Okay. Then just from my side to quickly wrap it up again. I think we are going into this crisis on the back of a very strong Q1 performance. And we are absolutely weathered for this storm. I've already mentioned last time, we are a very experienced management team. Both Lorenz Näger and myself have been around the block already in 2008, 2009. So in that light, also the fact that the outlook is uncertain, doesn't scare us a bit. In essence, it has gotten us going proactively and decisively. So that's where the EUR 1 billion cash savings is coming from. That's where the improved financial position is coming from that Lorenz Näger has shared. That's also where the dividend discussion is coming from. And as I said earlier, we are very positive on the midterm outlook, although 2020 may be a little bit rocky. And clear conviction on our side here is that as a company, HeidelbergCement will use this crisis as an opportunity. Okay. That's it from my side, and then we'll hand it back to Chris and all of you for questions.
Thank you, Dominik. Thank you, Lorenz. So we embark on the Q&A session. Operator, you want to explain the procedure one more time?
[Operator Instructions] Your first question came from the line of Paul Roger from Exane BNP Paribas.
Before we do that, Roger, if you allow, you are the first in line, that's true.[Operator Instructions]
Yes. Okay then, Chris. Congratulations and I hope you're all keeping well. So just 2 questions then. Maybe the first one to kick off on the 20th of April. I mean, obviously, you've given a bit of color with the COVID clock. Is it possible to put a few numbers behind that, just to give us a sense of how quickly and severely things deteriorate in the key markets? And then the second one is on the variable cost outlook. I think you experienced something like a EUR 300 million reduction in raw materials in Q1. Obviously, since then, oil has come down further, so if you stick at current spot rates for oil and other raw materials, how big could that benefit become later on in the year?
Okay. Let's take the next one. Elodie from JPMorgan.
If I have 2, then, please, could you provide a split for the EUR 1 billion of savings between CapEx, working capital, tax and fixed cost? So that would be my first question.
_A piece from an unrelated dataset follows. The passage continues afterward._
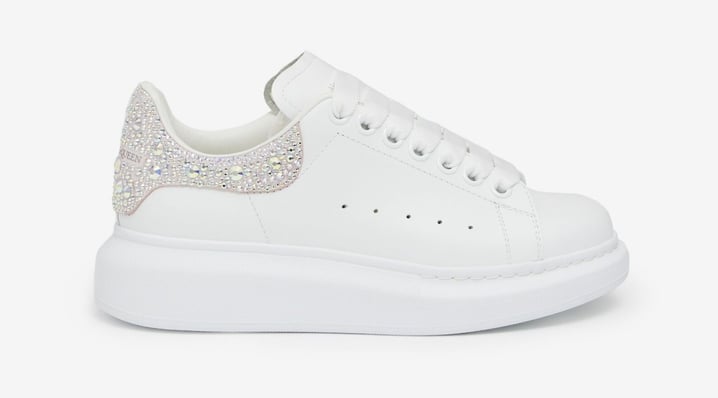 Alexander McQueen的厚底白波鞋深受大眾喜愛，其最大特色就是有著5cm的特厚鞋底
And second question, if I can ask on capital allocation. On the one hand, are you still looking to do some bolt-on acquisitions? Or is it something that you would consider, I guess, not because you want to preserve your balance sheet, but some of your peers are looking to buy maybe if opportunities are there? So just wanted to touch -- to see what you think of that. And what do you think as well in terms of disposals, given you have completed EUR 1.2 billion, I think, of proceeds last year out of your plan of EUR 1.5 billion, so is it still on track?
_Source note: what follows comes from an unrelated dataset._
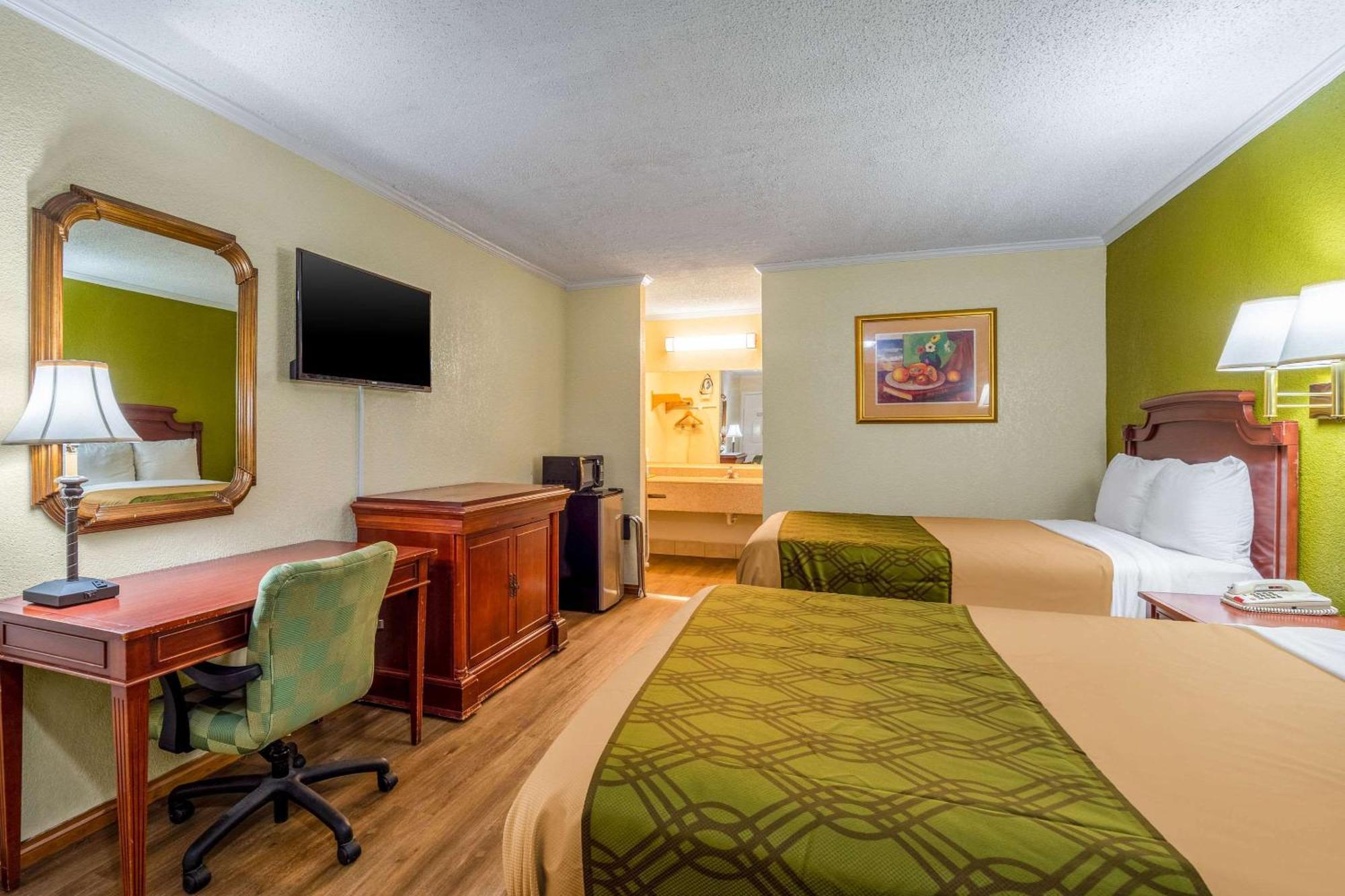 Rodeway Inn & Suites Fort Jackson Columbia Extérieur photo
Okay. Thanks to both of you Paul and Elodie for your questions. I would suggest that, Paul, I will take your first questions -- question on the April development. And then Lorenz Näger will take the one on the variable cost development. And Elodie, I will take the first question on the split of the EUR 1 billion. And then Lorenz will talk about the capital allocation on bolt-on and disposals, so if that's okay for you. Paul, just to give you a little bit of color on April, the big lockdowns all came already mid-March. And I think there are countries that you all well know that went into a very aggressive lockdown like countries in India and also Italy. And obviously, in those countries, you go all the way down to basically 0 or very, very small amounts of sales for that period of very strict lockdown. But what you also see when those countries come back, you climb up fairly quickly. Not obviously to old levels, but you leave the minus 100% line quite quickly. That is also true for those countries. Then you have other countries that are -- where the governments have actually executed quite strict lockdowns and the public perceives it as that way, but the business is actually running still in a quite sound way. That is actually true for parts of Europe, especially Holland is actually running completely. There is hardly any loss of business in Holland versus the expectations. Then in the U.K., you have a little bit of a bigger loss. But -- and then it goes all the way to France and Spain and to Italy in terms of magnitude of losses. And then if you go to North America, it's a very mixed picture. You have parts of North America that are absolutely on operating plan level or even better and there are others that are quite below on the volume side. But as we said earlier, volume is one thing. We're obviously working intensively on our programs to mitigate it on the result impact. And last but not least, we have other countries like Germany that are -- I'm not saying booming, but that are going very well indeed. So in that respect, it's a very mixed picture. That's why we try to give you the COVID clock to explain to you a little bit. It's now a very colorful portfolio in that respect. And Lorenz, do you want to take this?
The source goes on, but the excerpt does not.